Çocukluğumda oyunun orta yerinde arkadaşlarımın yanaklarını ısırırdım. Ağlaya ağlaya şikáyete giderlerdi. ‘‘N'apiim çok tatlı’’ derdim.

Ayşe'yi ısırma nedenime gelince...

Çoğu meslektaşı o günlerde herhangi bir nedenle gündeme gelmiş kim varsa gider onunla röportaj yaparlar; bir bakarsınız aynı gün üç ayrı gazetede aynı kişiye sorulmuş birbirine benzer sorular ve tabii ki benzer cevaplar. Ayşe'yse kimsenin aklına gelmeyen, kıyıda köşede kalmış ama aslında çok önemli birini bulur çıkarır, gündemi oluşturur.

En son, yıllardır gözümüzün önünde duran, bakıp da görmediğimiz Güzin Abla'yı aldı getirdi önümüze.

İyi ki de getirdi.

Çaldığı kapının arkasından çıkan hikáye çok etkiledi beni.

Biri ötekinin kaderinin izinde, ana-kız iki kadının hikáyesi..

O cevapların arkasındaki hayali kadın, ‘‘Güzin Abla'lık’’ sorunlarla geçen hayatıyla gerçek oluverdi.

Yıkılmak üzere olan yuvaları tavsiyeleriyle kurtarmaya çalışırken, zamanında kendi yuvasını kurtaramamışmış meğer.

Başkalarınınkine çare ararken kendi paranoyaları varmış meğer.

Gençleri yumuşacık üslubuyla rahatlatırken kendi kızı için çetin cevizmiş meğer.

Ve dört senedir mektupları o cevaplamıyormuş meğer.

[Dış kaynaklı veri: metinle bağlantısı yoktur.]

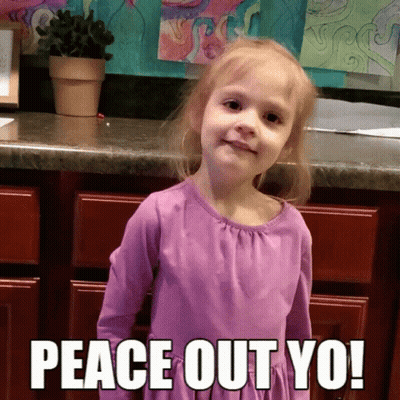 A Little Girl In A Purple Dress Stands In Front Of A Counter With The Words Peace Out Yo GIF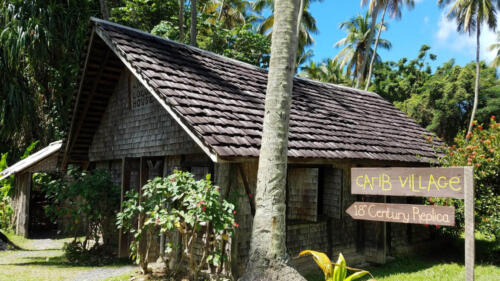 House with Carib Village Sign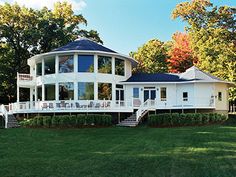 a large white house sitting in the middle of a lush green field next to trees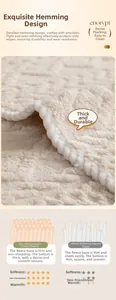 Close-up of thick beige jacquard fleece sofa cover with refined hem and dense texture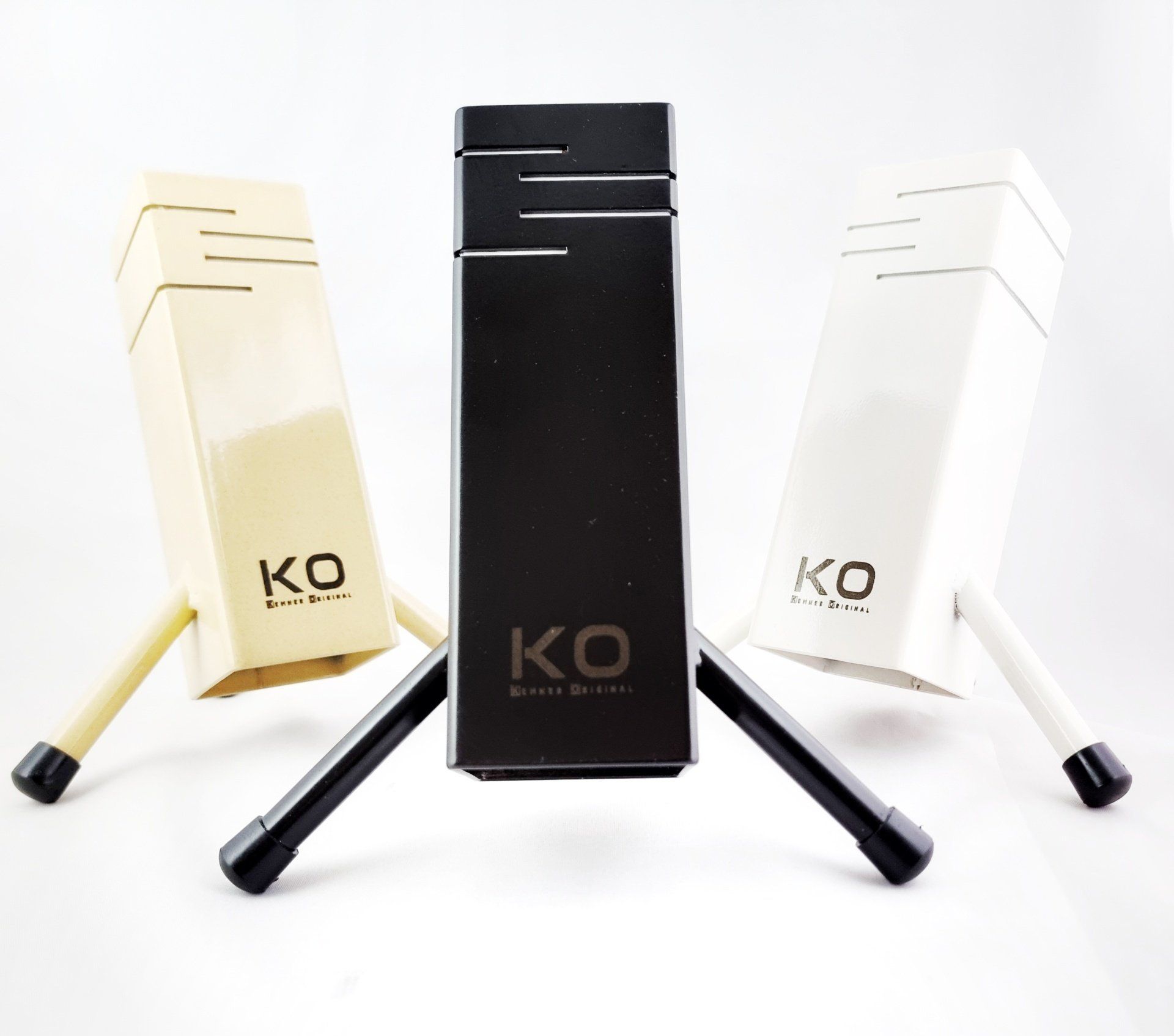 Drie slanke, rechthoekige KO-apparaten op standaards in zwart, wit en beige, geplaatst tegen een witte achtergrond.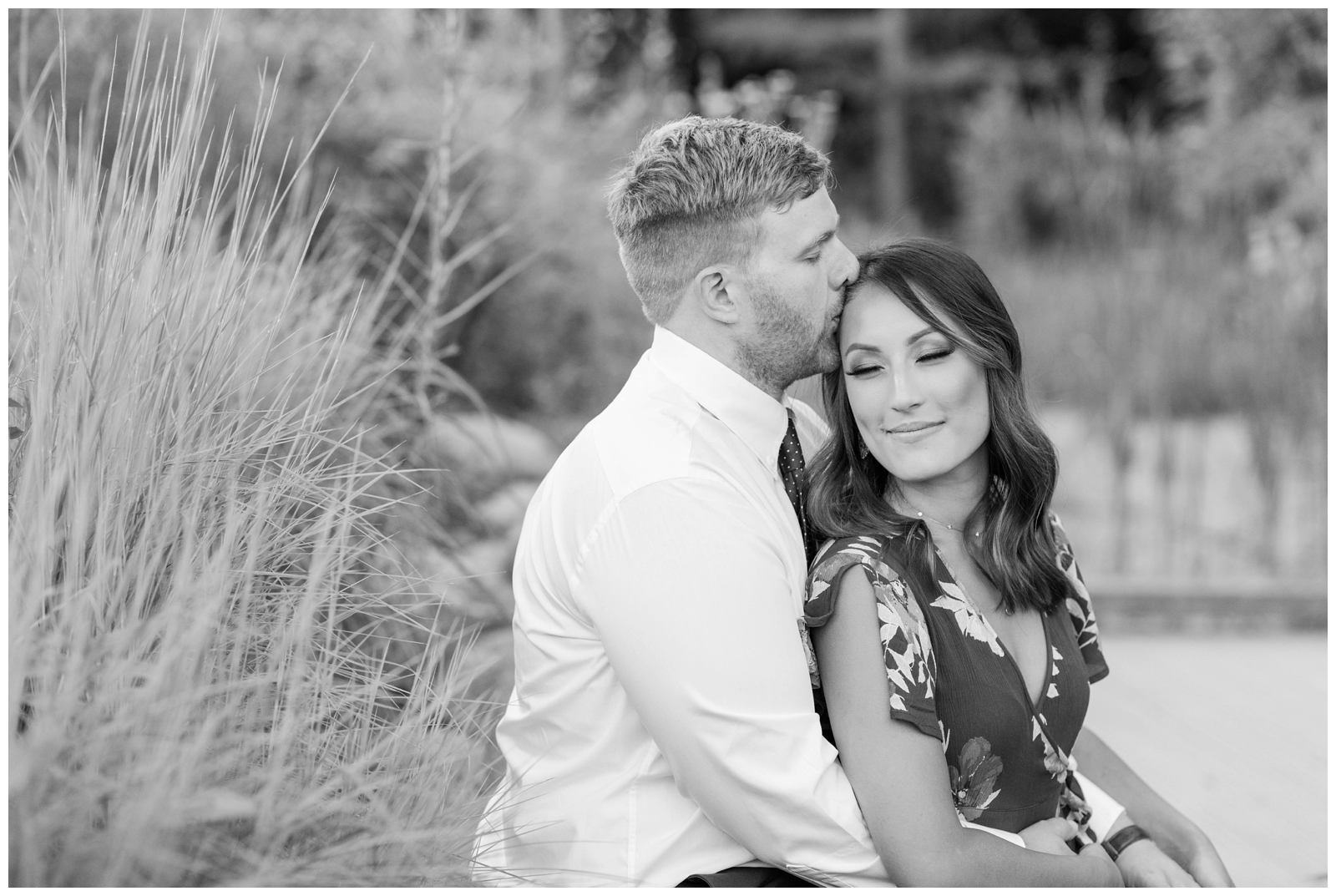 black and white image of man kissing woman on forehead during engagement session at inniswood metro garden 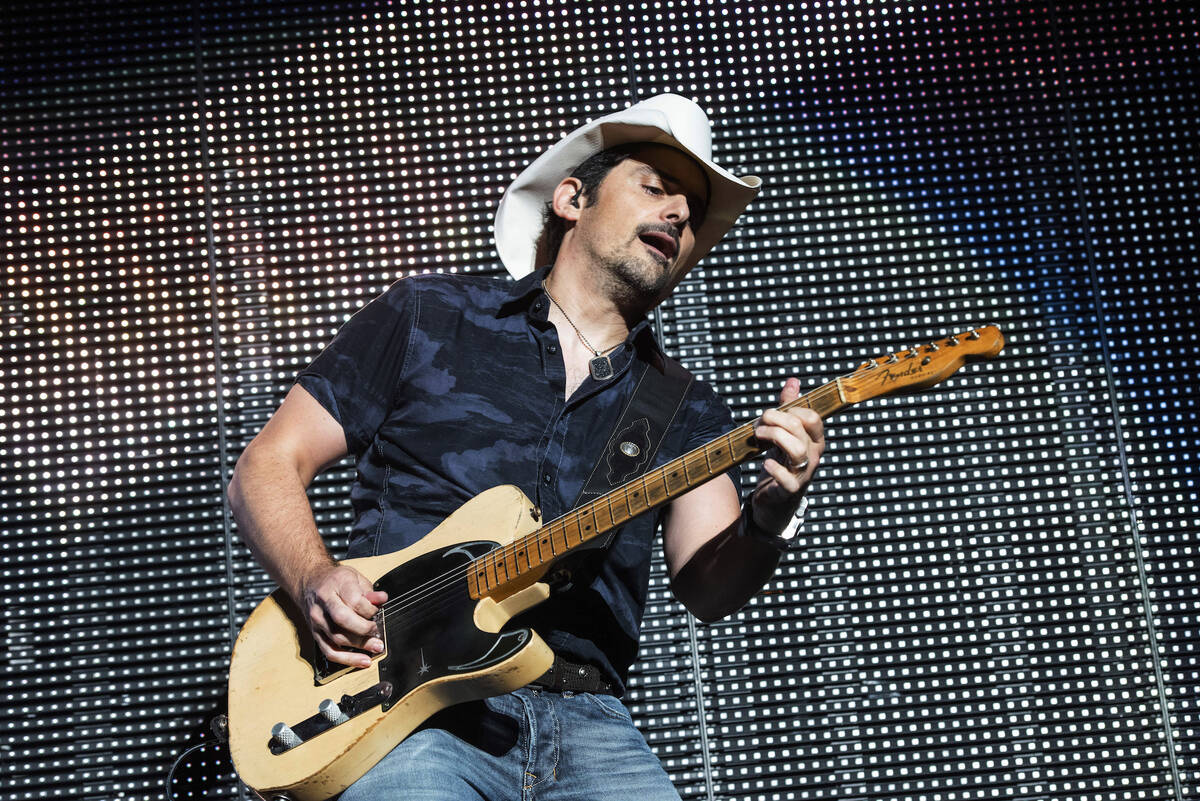 Brad Paisley performs on stage at Ameris Bank Amphitheatre, Friday, Aug. 23, 2019, in Alpharett ...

Kızı Feyza'ya devretmiş.

Ben de diyordum ki, ‘‘Güzin Abla da zamana uydu. Artık 'Bu zamanda bu akıl verilir mi?' dedirtmiyor pek’’.

Meğer tam 24 yaş gençleşmiş köşesi.

Bakarsınız yakında torunu Yonca devralır bayrağı. Henüz 26 yaşındaymış Yonca. ‘‘Ne kızlığı, ne zarı kızım? Boşver evlenmeyi falan, kafana göre takıl’’ diye bir cevap görürseniz bilin ki oldu bu iş.

*

Olsun.

Güzin Abla.

Feyza Abla.

Yonca Abla.

Başkanlar değişir, kurumlar kalır. ‘‘Güzin Abla’’ kurum olalı çok oldu.

Ama ilk defa ete kemiğe büründü.

Can buldu.

Ayşe'nin sayesinde.

MIŞ-MUŞ

Bush, Ecevit'e, ‘‘Birleşmiş Milletler kararlarına uyması için Saddam'ı siz uyarın’’ demiş.

Ecevit uyarır: ‘‘Lütfen Sayın Saddam... Birleşmiş Milletler davranışlarınızı sindiremiyor.’’

*

* Türkiye'de 30 çeşit evlilik biçimi varmış.

Doğrudur. Saçmalık dediğiniz çeşit çeşit.

Turizmde geçen yıl tüm zamanların rekoru kırılmış.

Nihayet patlamış demek; biz o sırada ‘‘Güm’’ diye dibe vurduğumuzdan duyamadık.

*

Kurdun cinsel organı şans getiriyormuş.

Dişi insanın cinsel organın sahibine ne şanslar getirdiğini biliyorduk da bunu duymamıştık.